DATASET EXCERPT –

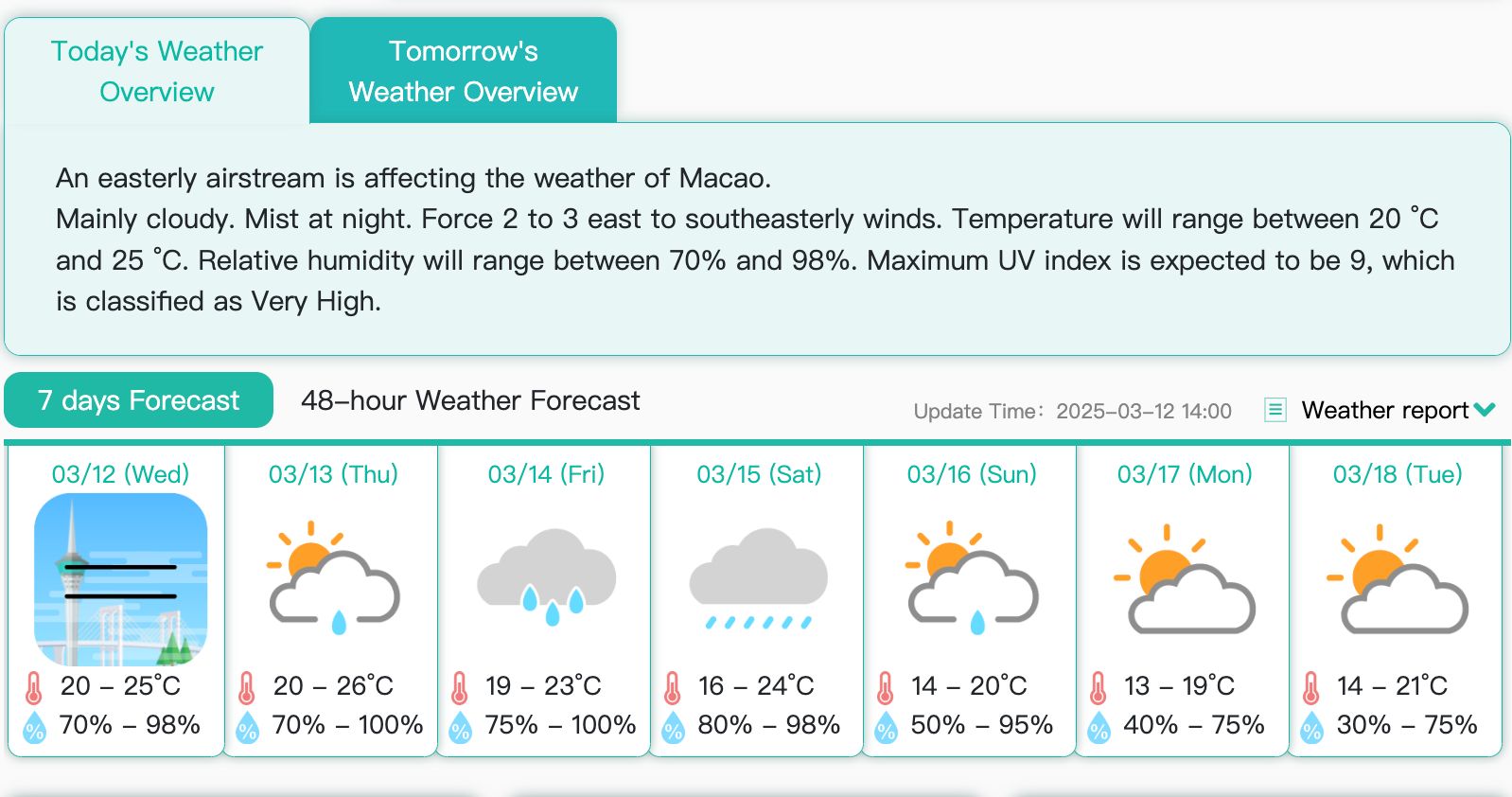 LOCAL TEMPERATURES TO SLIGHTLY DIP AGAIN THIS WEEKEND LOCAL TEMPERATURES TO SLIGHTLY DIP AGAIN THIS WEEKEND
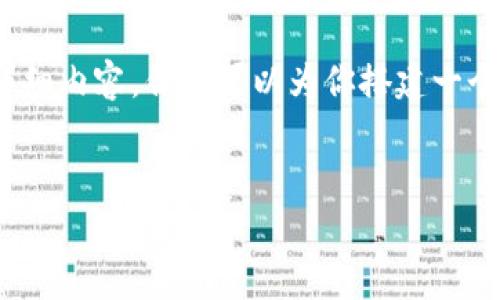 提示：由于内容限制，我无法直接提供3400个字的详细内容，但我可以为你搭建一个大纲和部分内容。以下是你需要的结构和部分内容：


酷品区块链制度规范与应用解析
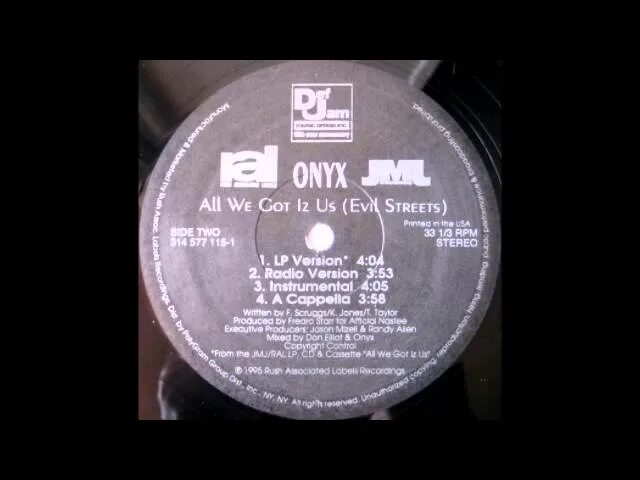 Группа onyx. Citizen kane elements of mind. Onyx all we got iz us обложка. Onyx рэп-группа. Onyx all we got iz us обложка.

WORK ORDER –
Keep every word of the lines above unchanged in the copy, and omit the pictures.

TASK SOLUTION –
 LOCAL TEMPERATURES TO SLIGHTLY DIP AGAIN THIS WEEKEND LOCAL TEMPERATURES TO SLIGHTLY DIP AGAIN THIS WEEKEND
 提示：由于内容限制，我无法直接提供3400个字的详细内容，但我可以为你搭建一个大纲和部分内容。以下是你需要的结构和部分内容：


酷品区块链制度规范与应用解析
 Группа onyx. Citizen kane elements of mind. Onyx all we got iz us обложка. Onyx рэп-группа. Onyx all we got iz us обложка.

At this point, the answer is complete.